Because it’s Oscar season, I wanted to talk about one of my all-time favorite performances in the Best Actor in a Leading Role category, the wonderful Ray Milland in The Lost Weekend (1945).
The Lost Weekend is a stark, honest and heart-wrenching depiction of alcoholism and its consequences, as we follow Don Birnam through his four-day drinking bender. The film starts by showing us a bottle hanging out of a window. This is Don’s apartment. We see him packing his things as his brother Wick (Phillip Terry) talks him through the weekend they’re about to have. Helen (Jane Wyman), Don’s girlfriend, comes over to see them off and casually mentions she’s going to see a show that afternoon and that she has two tickets. Don suggests that Wick should go with Helen and that they can catch the 6.30 train. Both Wick and Helen know exactly what he has in mind but he reassures them they’ve got nothing to worry about. What follows is a harrowing, nerve-wrecking sequence of events as Don gets increasingly desperate for a drink, and another, and another, culminating in that infamous ‘mouse and bat’ scene, superbly acted out by Ray Milland.

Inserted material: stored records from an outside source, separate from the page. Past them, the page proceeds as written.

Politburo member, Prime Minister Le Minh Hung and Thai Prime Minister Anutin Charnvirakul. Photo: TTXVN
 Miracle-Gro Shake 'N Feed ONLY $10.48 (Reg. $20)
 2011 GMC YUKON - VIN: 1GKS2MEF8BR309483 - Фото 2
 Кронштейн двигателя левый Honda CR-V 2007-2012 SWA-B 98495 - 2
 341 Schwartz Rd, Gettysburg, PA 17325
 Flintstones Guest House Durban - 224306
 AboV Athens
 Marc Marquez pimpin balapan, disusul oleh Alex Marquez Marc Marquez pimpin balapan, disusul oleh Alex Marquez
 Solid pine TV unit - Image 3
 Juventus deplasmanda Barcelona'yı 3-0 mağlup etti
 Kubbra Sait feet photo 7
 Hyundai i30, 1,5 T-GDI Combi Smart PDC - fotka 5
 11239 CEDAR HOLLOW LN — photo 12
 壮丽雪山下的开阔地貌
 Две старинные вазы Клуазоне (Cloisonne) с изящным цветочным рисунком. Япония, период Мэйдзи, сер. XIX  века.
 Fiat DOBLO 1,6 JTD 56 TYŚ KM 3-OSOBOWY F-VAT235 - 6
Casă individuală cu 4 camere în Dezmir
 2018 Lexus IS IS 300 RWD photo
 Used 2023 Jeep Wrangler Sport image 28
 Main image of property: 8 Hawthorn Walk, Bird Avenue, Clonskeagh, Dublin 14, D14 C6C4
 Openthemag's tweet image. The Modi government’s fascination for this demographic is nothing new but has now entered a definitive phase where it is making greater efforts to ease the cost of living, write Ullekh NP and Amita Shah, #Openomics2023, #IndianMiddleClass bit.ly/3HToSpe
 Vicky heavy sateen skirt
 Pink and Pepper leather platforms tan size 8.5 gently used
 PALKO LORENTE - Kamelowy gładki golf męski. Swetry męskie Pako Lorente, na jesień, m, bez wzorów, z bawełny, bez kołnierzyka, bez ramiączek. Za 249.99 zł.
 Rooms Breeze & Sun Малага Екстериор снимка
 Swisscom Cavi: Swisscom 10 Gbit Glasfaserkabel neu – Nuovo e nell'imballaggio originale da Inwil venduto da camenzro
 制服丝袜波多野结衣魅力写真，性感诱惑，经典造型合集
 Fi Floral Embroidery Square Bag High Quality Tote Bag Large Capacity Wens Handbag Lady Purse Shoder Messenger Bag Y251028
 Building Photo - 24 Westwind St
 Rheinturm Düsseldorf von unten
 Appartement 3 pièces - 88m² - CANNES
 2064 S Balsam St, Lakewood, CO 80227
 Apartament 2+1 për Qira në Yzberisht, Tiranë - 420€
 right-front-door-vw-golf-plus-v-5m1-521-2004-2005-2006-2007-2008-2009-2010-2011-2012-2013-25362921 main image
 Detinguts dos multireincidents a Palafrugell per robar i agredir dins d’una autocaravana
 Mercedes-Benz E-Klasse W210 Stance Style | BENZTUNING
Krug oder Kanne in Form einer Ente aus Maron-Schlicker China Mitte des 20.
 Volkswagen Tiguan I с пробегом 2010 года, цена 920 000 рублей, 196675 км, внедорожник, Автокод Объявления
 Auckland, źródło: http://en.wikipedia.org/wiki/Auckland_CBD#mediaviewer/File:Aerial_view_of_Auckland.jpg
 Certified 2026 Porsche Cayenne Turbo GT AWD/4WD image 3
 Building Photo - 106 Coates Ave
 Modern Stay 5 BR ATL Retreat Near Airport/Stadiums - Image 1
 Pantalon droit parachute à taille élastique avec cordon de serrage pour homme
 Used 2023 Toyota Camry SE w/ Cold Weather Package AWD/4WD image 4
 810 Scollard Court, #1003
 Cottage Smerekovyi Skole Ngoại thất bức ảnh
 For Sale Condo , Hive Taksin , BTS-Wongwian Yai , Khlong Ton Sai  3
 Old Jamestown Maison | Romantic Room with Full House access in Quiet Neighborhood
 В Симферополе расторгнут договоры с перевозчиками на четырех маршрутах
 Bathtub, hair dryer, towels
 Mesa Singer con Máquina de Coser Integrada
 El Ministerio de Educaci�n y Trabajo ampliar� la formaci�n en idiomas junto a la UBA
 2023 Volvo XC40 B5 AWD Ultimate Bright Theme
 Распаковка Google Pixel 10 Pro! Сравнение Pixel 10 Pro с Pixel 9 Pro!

It’s hard to choose a best moment in this faultless performance, but the scene where Don explains why he does this, is surely very near the top. He’s a failed writer – we’ve all been there – and this is his way of coping with it: he drinks himself into oblivion. And the way he details his suffering in this strikingly real speech (‘There are two of us, you know: Don the drunk, and Don the writer’) is heart-breaking because it’s so true.
Ray Milland won the Oscar for his performance and, let’s face it, he had no competition. His performance was a break-through, an eye-opener and it’s completely timeless. The Lost Weekend ended up with three more Oscars, for Best Picture, Best Director (Billy Wilder) and Best Adapted Screenplay (Wilder and Charles Brackett, adapted from Charles Jackson’s novel), but more importantly, it stands the test of time for its unafraid depiction of such a delicate subject, with a phenomenal central performance at its core.